GRILLO E L’ESAME DI MATEMATICA

Prima leggi: GRILLO E L’ESAME DI PROGRAMMAZIONE E CONTROLLO

Inizio l’anno sabbatico con grande determinazione. Per arrivare alla laurea devo passare quattro esami. Con il vincolo di matematica, la materia che mi ha sempre fatto dannare. Se non lo passo non posso sostenere Statistica, Economia Politica Due, Politica Economica e Scienza delle Finanze. Sono passati tre anni dall’esame di Pianificazione e Controllo. Allora a scrivere ero lento. Oggi non ci riesco proprio. Le dita della mano destra mi hanno abbandonato. Torno dal dottor Grillo.
L’incontro è cordialissimo. Sempre a modo suo. Linguaggio colorito e metafore sopra le righe, una passione straordinaria per l’università e gli studenti. I suoi studenti. Telefona all’Istituto di metodi quantitativi e mi presenta. Mezz’ora dopo sto spiegando le mie condizioni di salute al direttore dell’istituto.
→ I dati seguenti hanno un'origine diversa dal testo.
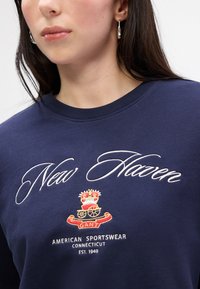 Granatowy sweter z haftowanym napisem "New Haven", logo z herbu oraz napisem "American Sportswear" poniżej. Miękka mieszanka bawełny, okrągły dekolt.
“Quindi non riesce a scrivere”, conclude il direttore togliendosi gli occhiali e sfregandosi gli occhi. Un modo per prendere tempo e trovare una soluzione.
Annuisco per non distogliere la sua attenzione. Sembra impegnato a risolvere la teoria della relatività.
“Bene. Se non riesce a scrivere non darà l’esame scritto. Si presenti all’orale”, mi spiega il direttore con tono solenne e conclusivo.
“E come lo sosterrò”, domando candidamente. Ho il forte sospetto che non abbia afferrato il problema.
“Come tutti gli altri”, risponde il direttore con tono ovvio.
“Con gli esercizi?”
“Certamente”. Il tono del direttore ancora più ovvio. Omette di dire “ma che domanda…”, ma l’espressione sorpresa lo tradisce.
“Professore”. Faccio una pausa per assicurarmi la sua attenzione. “Non riesco a scrivere…”. Lo dico sottolineando ogni parola, perando che il concetto si sedimenti nella sua memoria.
“Già”, annuisce come se avessi inserito una nuova variabile nella teoria. Il direttore è assorto. “Non farà gli esercizi”.
“E le dimostrazioni dei teoremi?”.
Questa volta me lo chiede. “Scusi cosa c’entrano dei dimostrazioni dei teoremi?”.
La risposta è prevedibile quanto la domanda: “Professore, lei mi insegna che per dimostrare un teorema bisogna scriverlo”. Cerco di non essere impertinente.
“È vero – continua il direttore – faccia così, dimostri di aver capito il senso generale della matematica”.
Sono perplesso. Molto perplesso. Devo capire cos’è il senso generale della matematica. Anche se temo che un’altra domanda faccia saltare il banco. “Professore, abbia pazienza per cortesia. Come mi preparo?”.
Pensava di essersela cavata. Invece è in difficoltà. Si affanna a cercare una risposta. Una risposta qualsiasi. Più per levarmi di torno. “Ce l’ha il testo della teoria?”
“L’Avondo Bodino Guerraggio, si”.
“Impari a memoria gli enunciati dei teoremi”. Problema risolto.

“Si accomodi”. La professoressa mi invita a sedermi mentre allontana gli altri studenti. Meglio che non assistano al mio esame, pena una sollevazione di massa. Non riesco a scrivere. Ma se non le si osservano attentamente le mani sembrano normali.
Ho cercato di prepararmi. Ma ho scoperto che le motivazioni sono basse. Bassissime. Tre anni e mezzo senza studiare, a lavorare producendo risultati e divertendomi, mi hanno fatto perdere il “passo” dell’apprendimento meccanico. Esco di casa sapendo di espormi al ridicolo.
La professoressa mi chiede di enunciare un teorema nel quale dovrei pronunciare la formula “retta tangente ad una circonferenza”. Non ci riesco. Pensavo che mi sarei reso ridicolo ma non fino al punto di dire “riga che tocca un cerchio”. Enuncio il teorema reinterpretandolo con parole mie. Mentre parlo la professoressa fissa un punto sul foglio di fronte a lei. Quando finisco alza la testa lentamente. I miei occhi perplessi incrociano il suo sopracciglio talmente inarquato da urlare: “macché cazzo sta facendo?”. Sto violentando la matematica e il mio sorriso di scuse le sta dicendo sommessamente: “sono mortificato”.

La professoressa prende la parola. “Senta, se le do diciotto finiamo questa farsa?”.

Due settimane dopo aver passato l’esame di matematica Emmanuelle mi chiamava per propormi di entrare in Dow Jones.